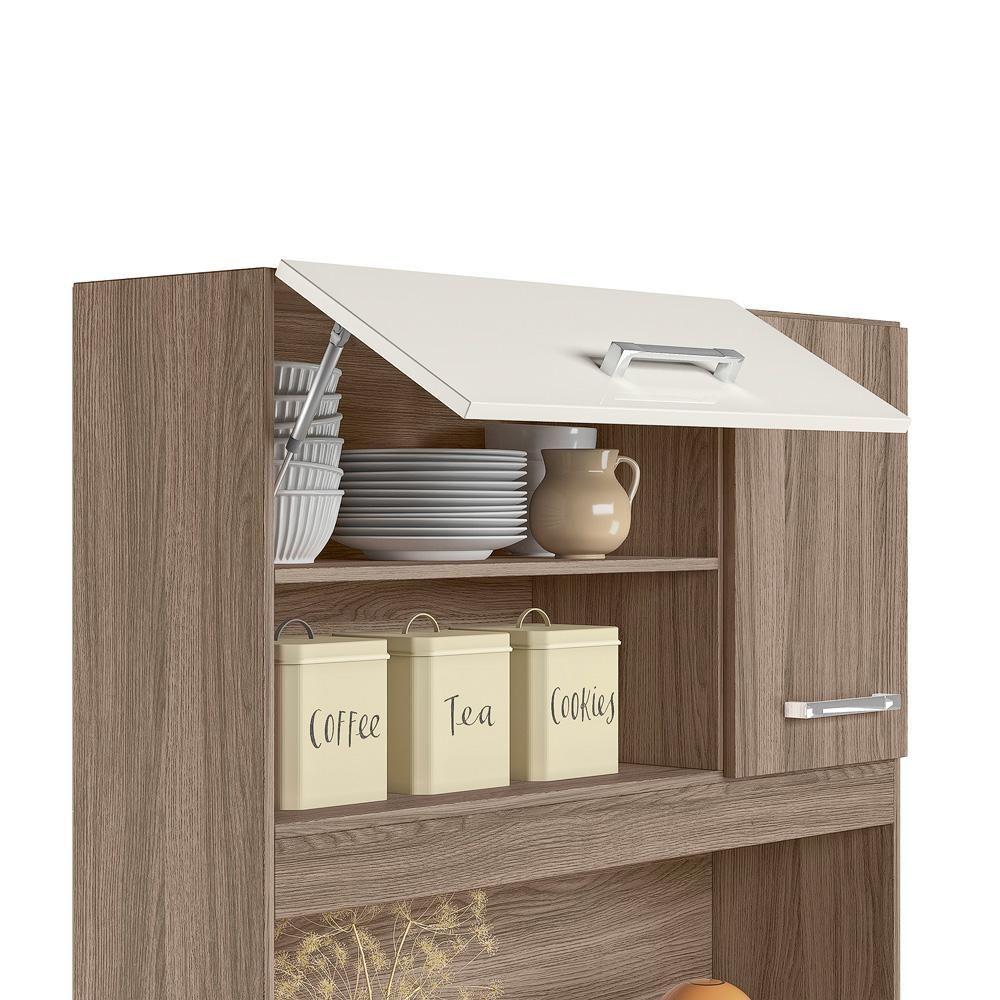 Armário Cozinha Magazin 90 5 Portas 1 Gaveta Carvalho Nature/off White Cristal Nicioli Carvalho Nature/off White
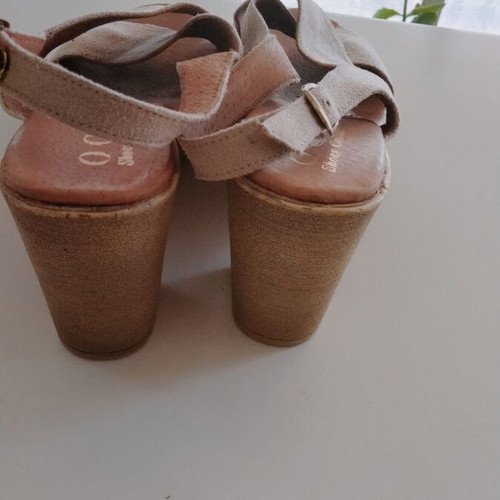 OGGI leather suede sandals, size 39, beige nude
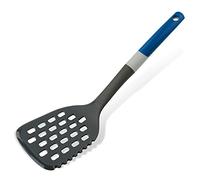 Tasty Dark Blue Grey Non-Stick Slotted Turner, Heat-Resistant, Soft Grip, 34x9.5cm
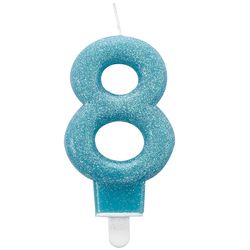 SVÍČKA číslice 8 glitrová modrá 7,6cm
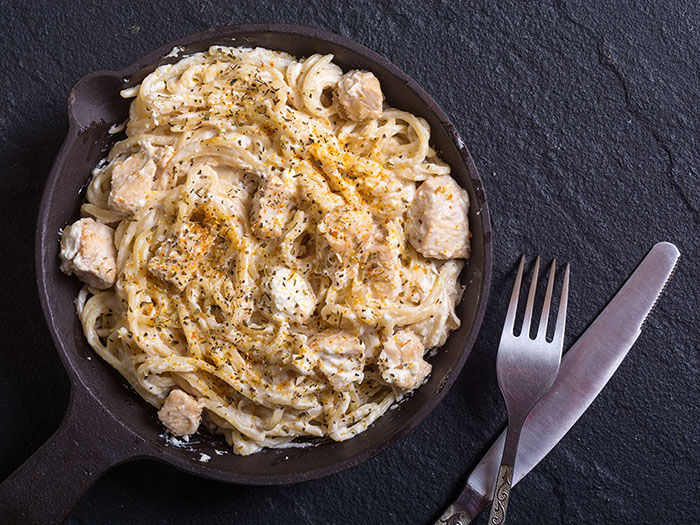 A bowl of Chicken Carbonara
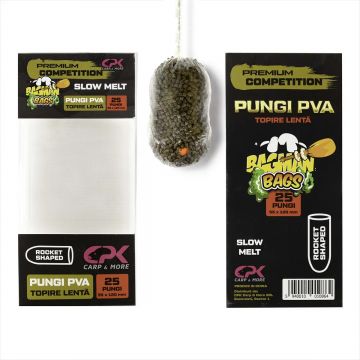 Pungi PVA CPK Bagman Premium Competition, Slow Melt, 25buc (Varianta: 55/120mm)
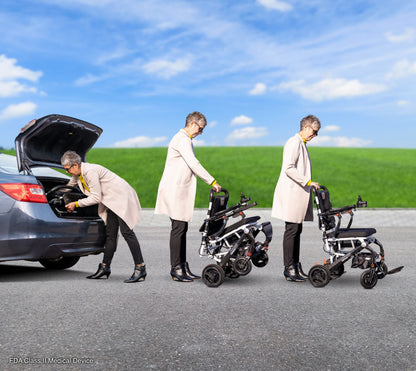 Pride Jazzy Carbon power wheelchair, unfolding sequence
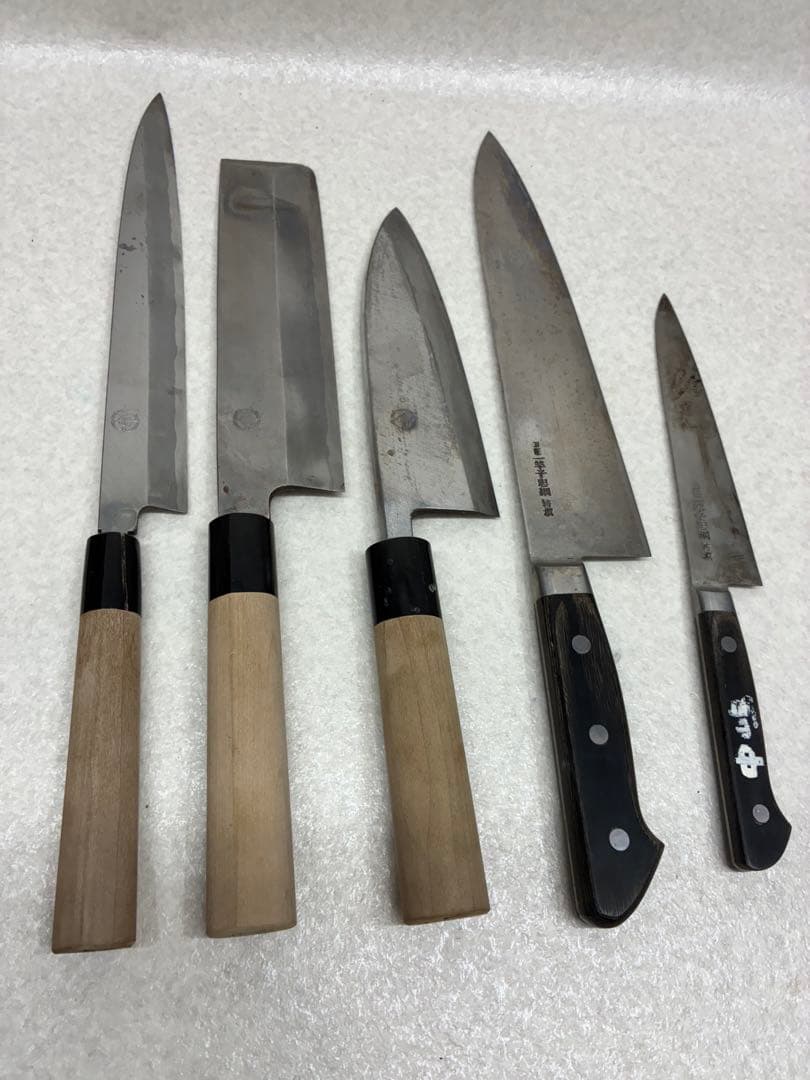 G2）一竿子忠綱 柳刃 出刃 菜切 牛刀 ペティ 箸 5本セット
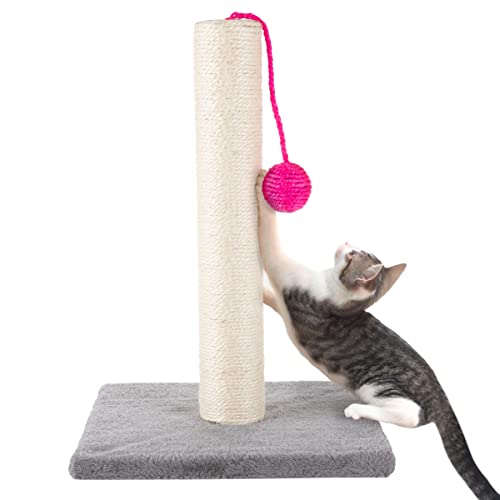 17" Sisal Rope Cat Scratching Post with Toy Ball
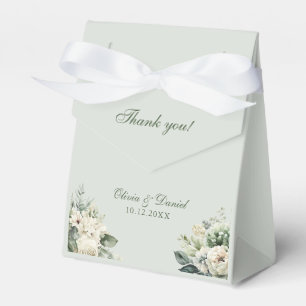 Ballotins Boîte de faveur de mariage florale Vert Sauge Douc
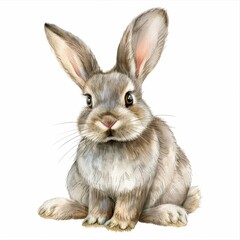 Fototapeta premium Delight in the whimsical charm of this watercolor clipart featuring a fluffy bunny, beautifully isolated on a pristine white background Perfect for adding a touch of sweetness to your designs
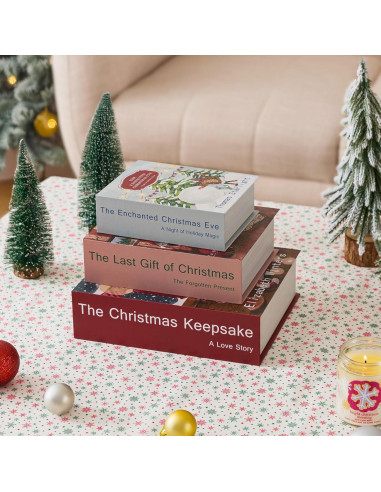 Set de 3 Libros Decorativos de Navidad Soul & Lane - Almacenamiento Oculto
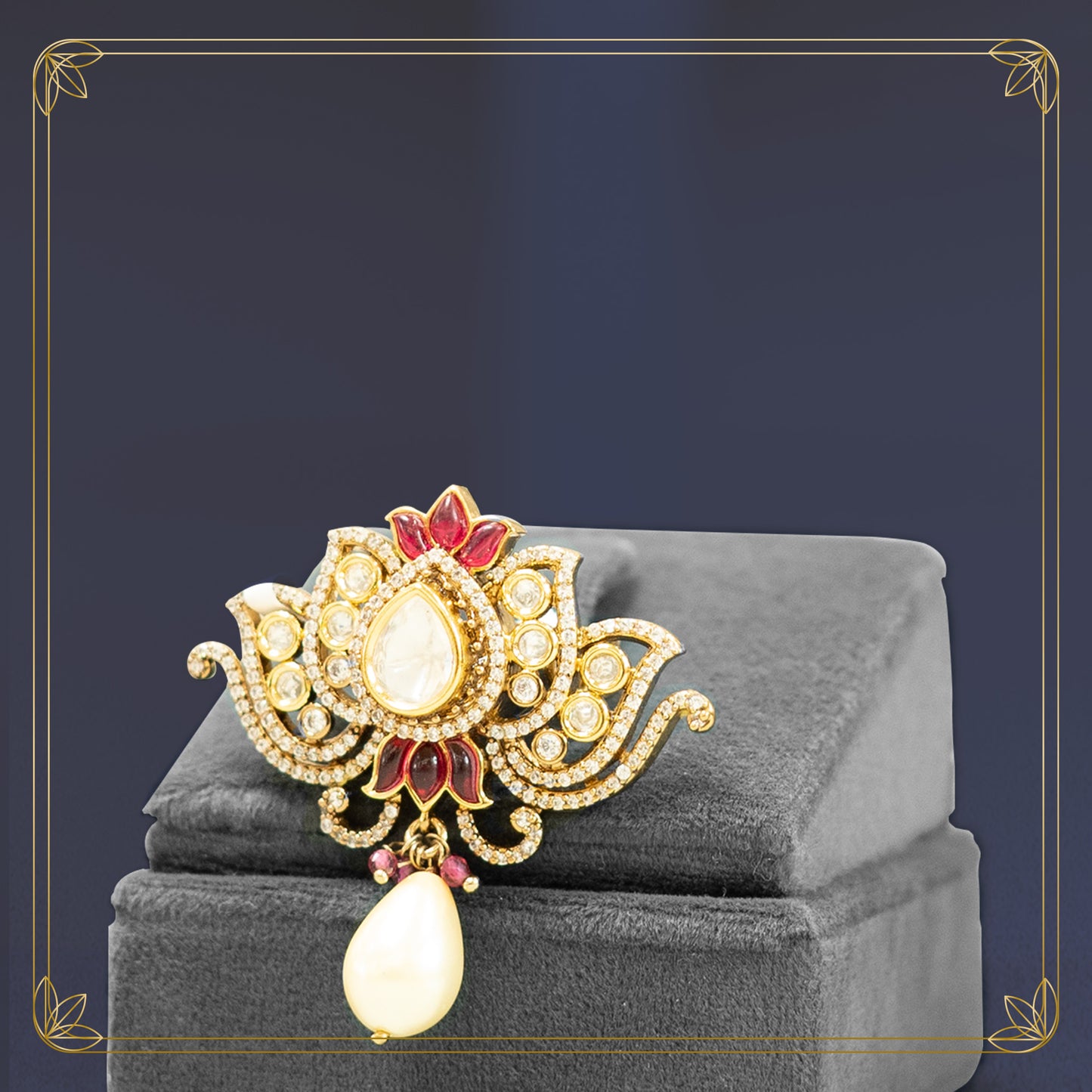 Luxe Floral Uncut Stone Ring with Red Gem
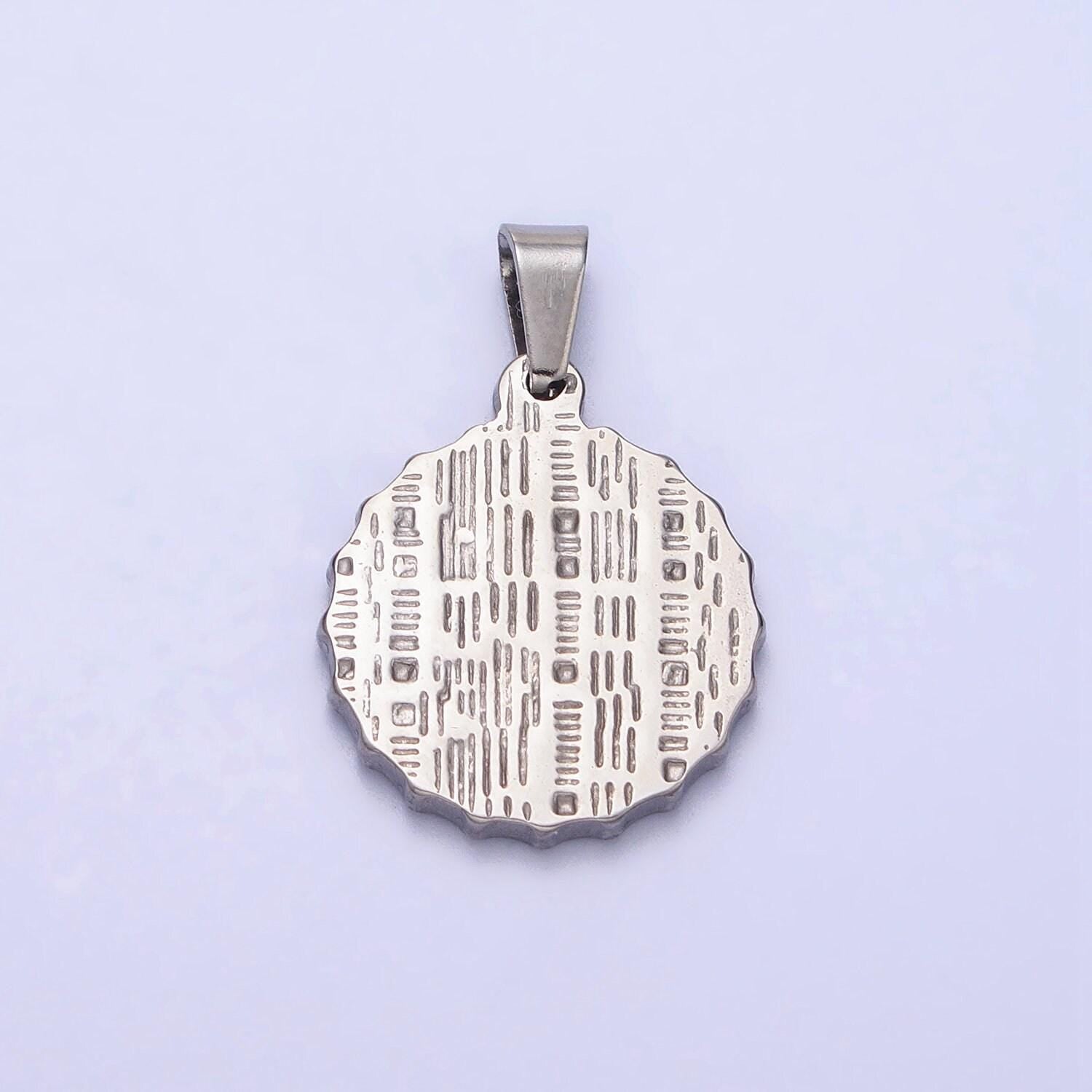 Stainless steel green, blue evil eye white enamel round textured pendant in gold & silver | j683 j686 j689 j698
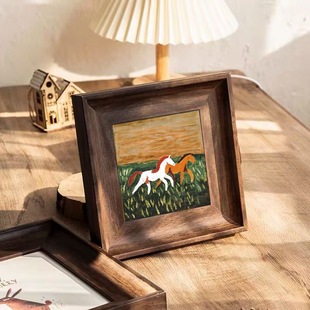 中古风客厅常玉小马复古桌面摆台装饰画法式餐厅卧室玄关抽象挂画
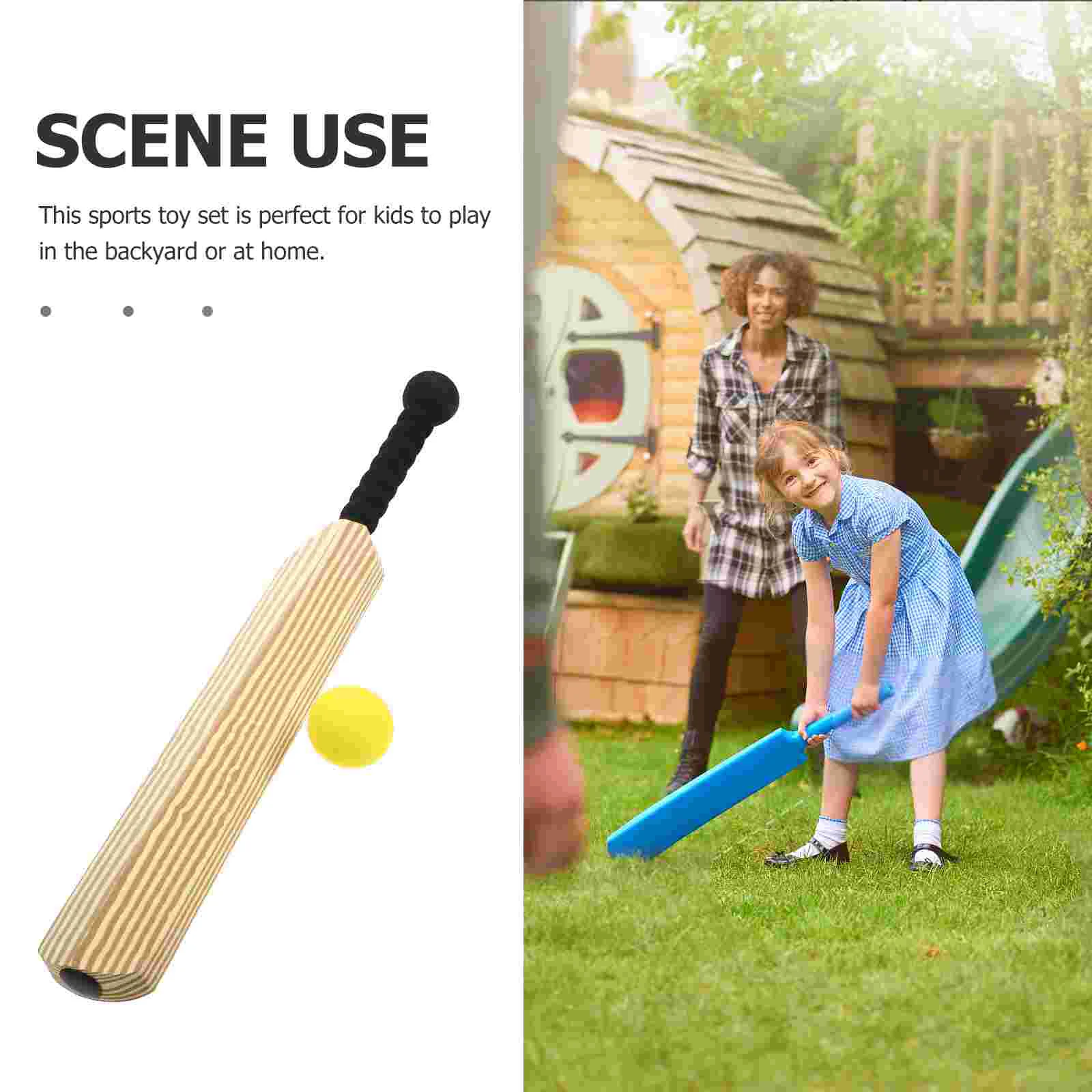 Backyard Cricket Kid Balls English Willow Bat Short Toys Kids Parent- Child Sports Set Parent-child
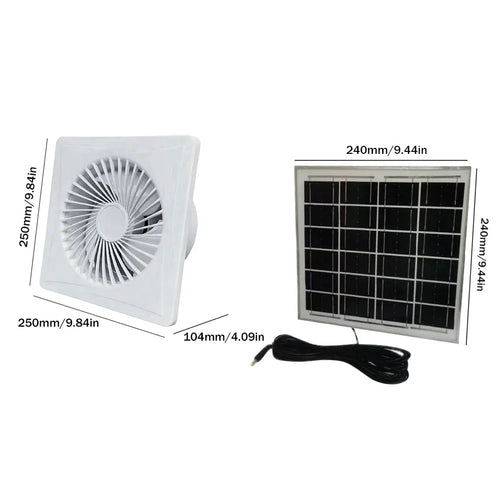 Solar 12V Extractor Ventilation Fan Energy-saving Exhaust Air Blower Air Vent Window Wall Fan Kitchen Bathroom Chicken/Duck Coop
----------------
Directions for this task
The reply should hold an exact repeat of the entries from their opening line through the line with "Pungi PVA CPK", and no pictures at all.

Response to the exercise
 Armário Cozinha Magazin 90 5 Portas 1 Gaveta Carvalho Nature/off White Cristal Nicioli Carvalho Nature/off White
 OGGI leather suede sandals, size 39, beige nude
 Tasty Dark Blue Grey Non-Stick Slotted Turner, Heat-Resistant, Soft Grip, 34x9.5cm
 SVÍČKA číslice 8 glitrová modrá 7,6cm
 A bowl of Chicken Carbonara
 Pungi PVA CPK Bagman Premium Competition, Slow Melt, 25buc (Varianta: 55/120mm)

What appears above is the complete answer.